# [Work order]
No pictures should be carried over. Output all other parts of the entries verbatim.

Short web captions
=======
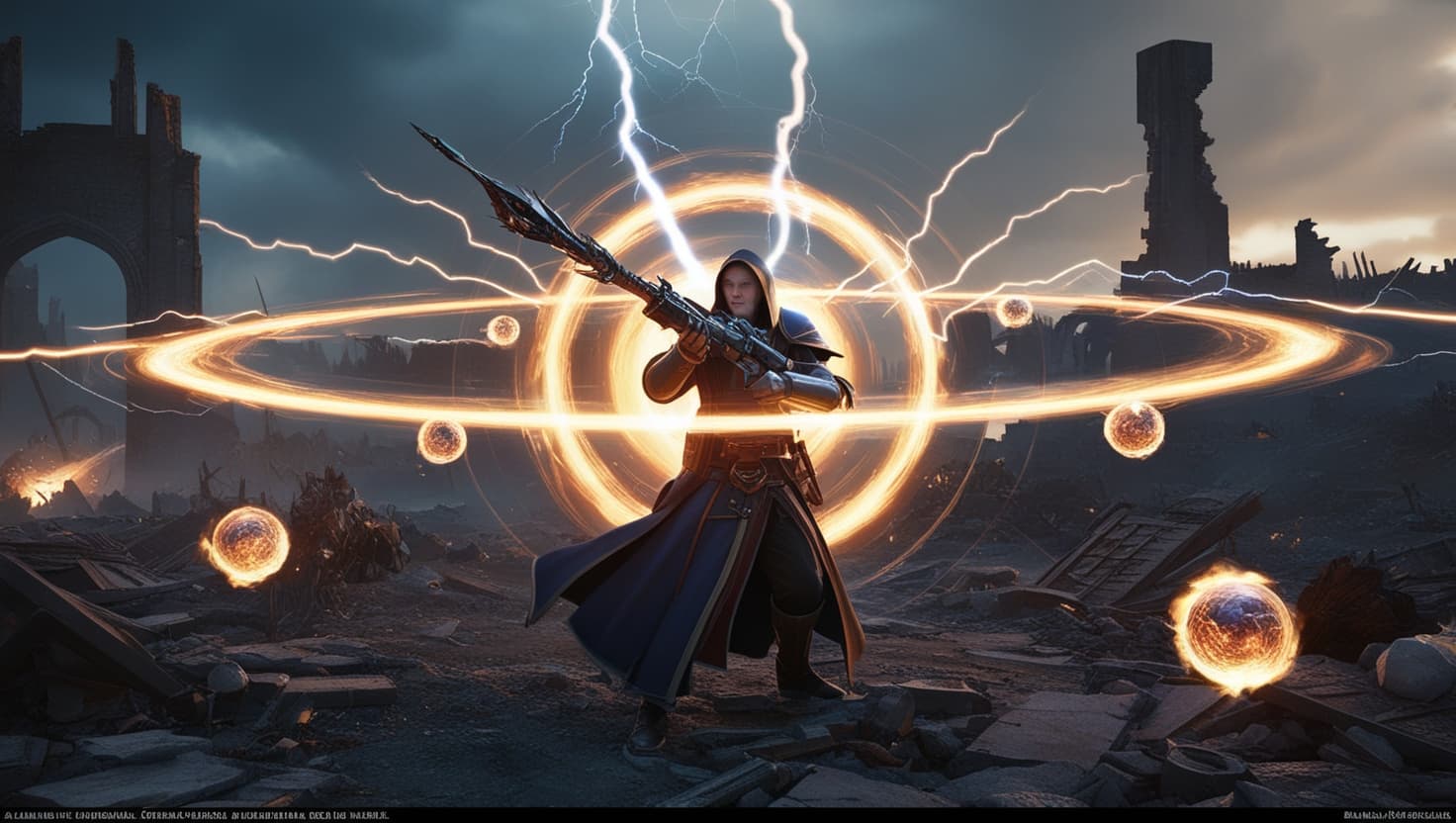 An evocation wizard channeling a massive fireball between outstretched hands, amber flames illuminating an indigo-robed figure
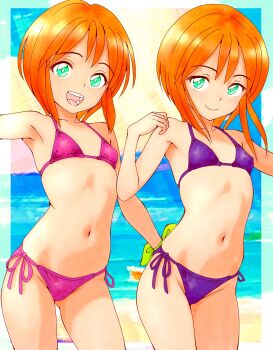 2girls armpits beach bikini commentary_request cropped_legs day elpeo_puru flat_chest green_eyes gundam gundam_zz highres kotonoha1216 multiple_girls navel open_mouth orange_eyes pink_bikini purple_bikini puru_two short_hair side-tie_bikini_bottom smile standing swimsuit teeth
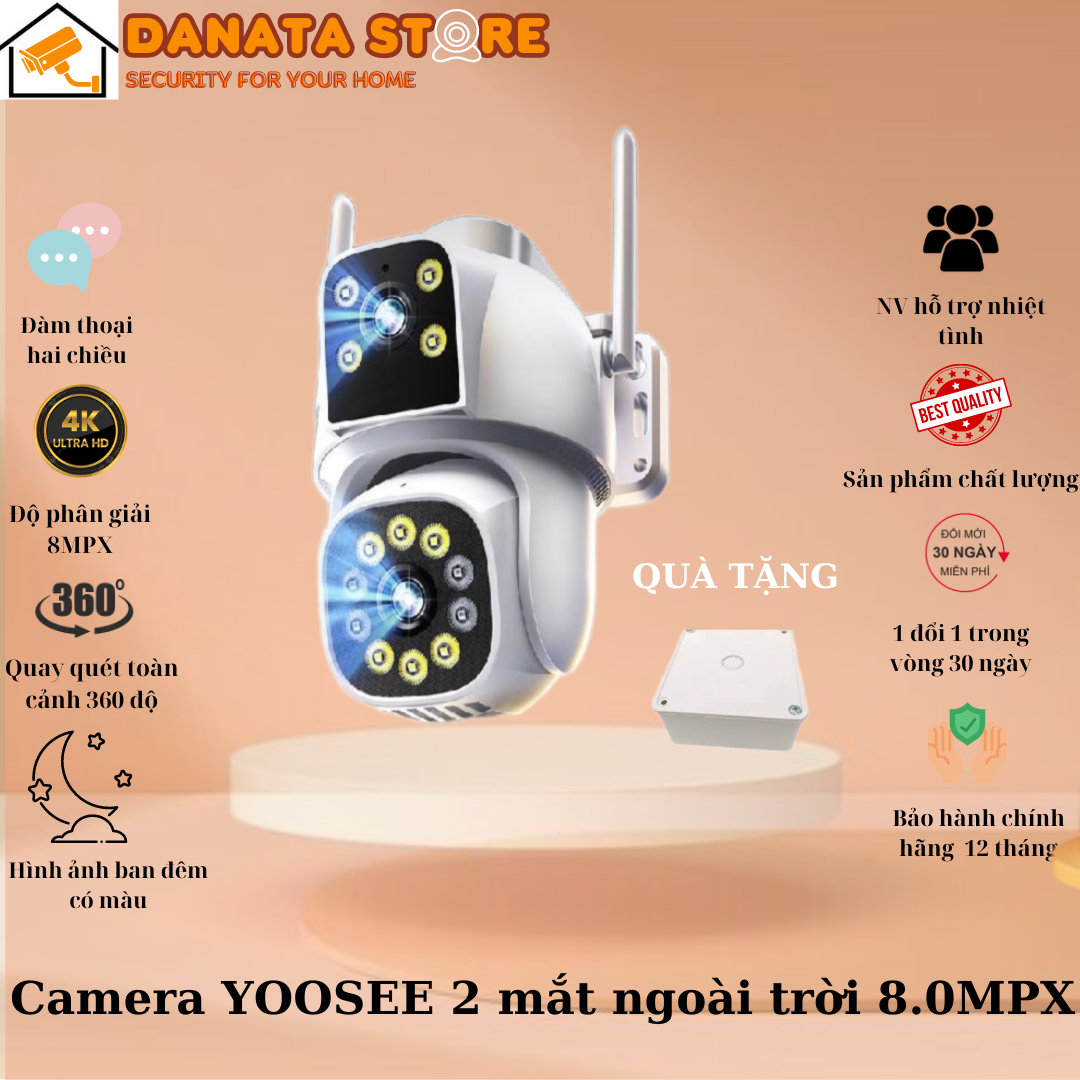 (Mẫu 2025) Camera Wifi Yoosee 2 mắt 2 khung hình Bluetooth độ phân giải 8MP, Siêu Nét, Đàm Thoại 2 C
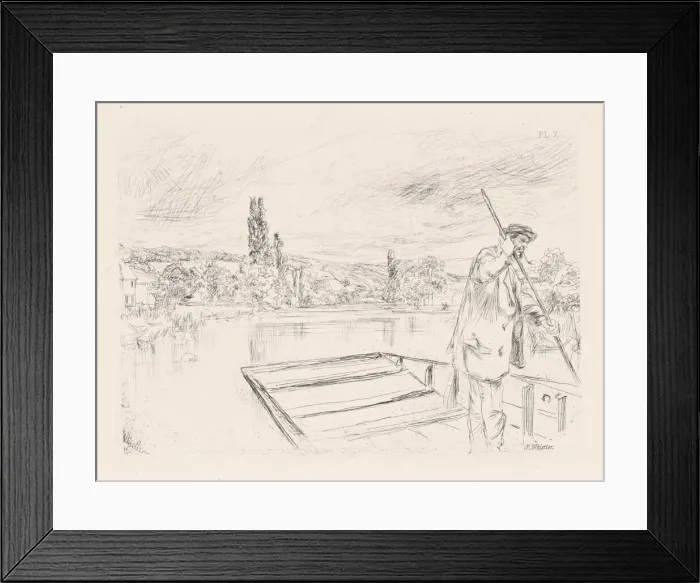 Framed Print : The Punt, 1861 (published 1862). Creator: James Abbott McNeill Whistler Framed Print : The Punt, 1861 (published 1862). Creator: James Abbott McNeill Whistler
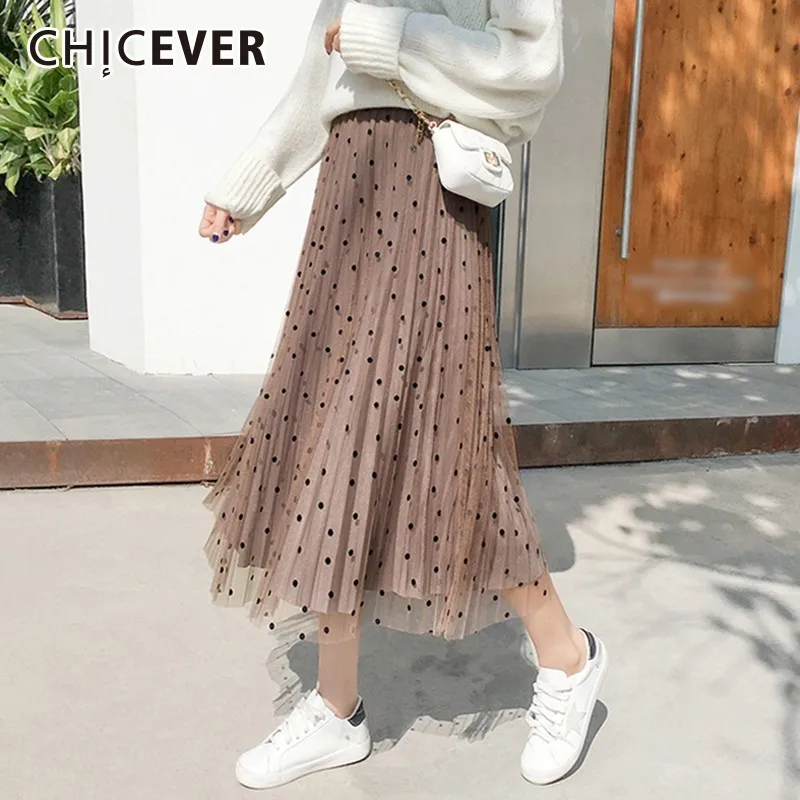 

CHICEVER Polka Dot Mesh Skirts For Women Elastic Waist Wear On Both Sides Corduroy Pleated Skirt Korean Fashion Clothes New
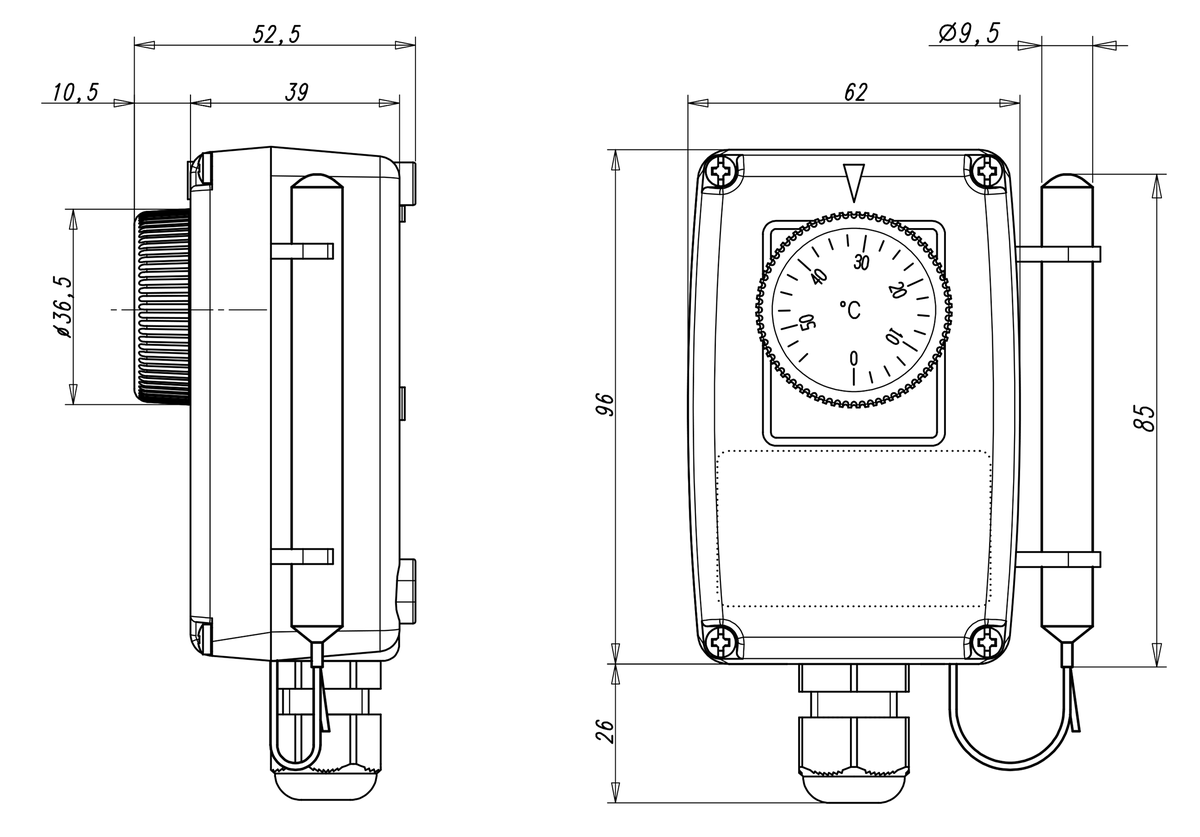 AFRISO Gehäuse-Raumthermostat GRT/ETR 0/60C, von außen einstellbar BEF 73220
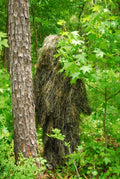 Synthetic BDU ghillie pants in Woodland pattern, shown with matching jacket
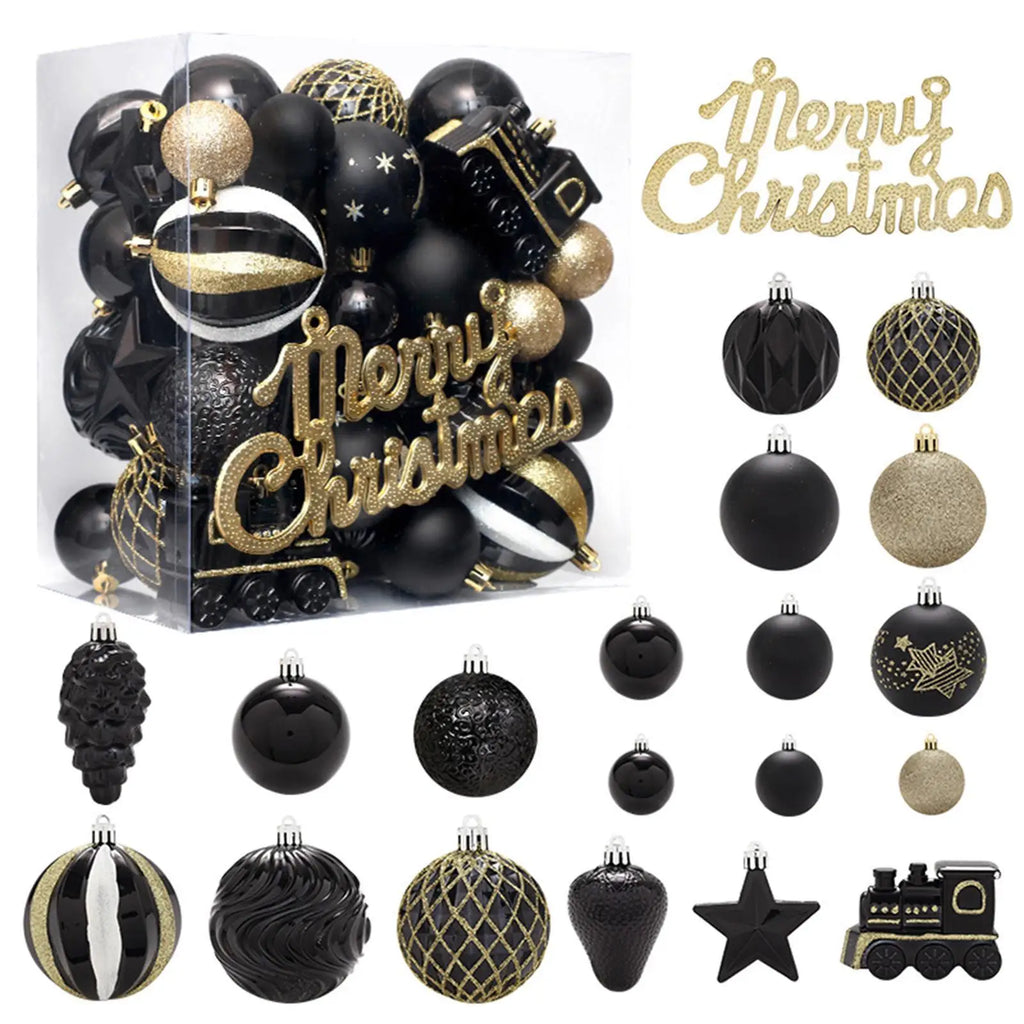 Black Gold Shatterproof Christmas Ball Ornaments – 65-Piece Set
=======
# [Task response]
 An evocation wizard channeling a massive fireball between outstretched hands, amber flames illuminating an indigo-robed figure
 2girls armpits beach bikini commentary_request cropped_legs day elpeo_puru flat_chest green_eyes gundam gundam_zz highres kotonoha1216 multiple_girls navel open_mouth orange_eyes pink_bikini purple_bikini puru_two short_hair side-tie_bikini_bottom smile standing swimsuit teeth
 (Mẫu 2025) Camera Wifi Yoosee 2 mắt 2 khung hình Bluetooth độ phân giải 8MP, Siêu Nét, Đàm Thoại 2 C
 Framed Print : The Punt, 1861 (published 1862). Creator: James Abbott McNeill Whistler Framed Print : The Punt, 1861 (published 1862). Creator: James Abbott McNeill Whistler

CHICEVER Polka Dot Mesh Skirts For Women Elastic Waist Wear On Both Sides Corduroy Pleated Skirt Korean Fashion Clothes New
 AFRISO Gehäuse-Raumthermostat GRT/ETR 0/60C, von außen einstellbar BEF 73220
 Synthetic BDU ghillie pants in Woodland pattern, shown with matching jacket
 Black Gold Shatterproof Christmas Ball Ornaments – 65-Piece Set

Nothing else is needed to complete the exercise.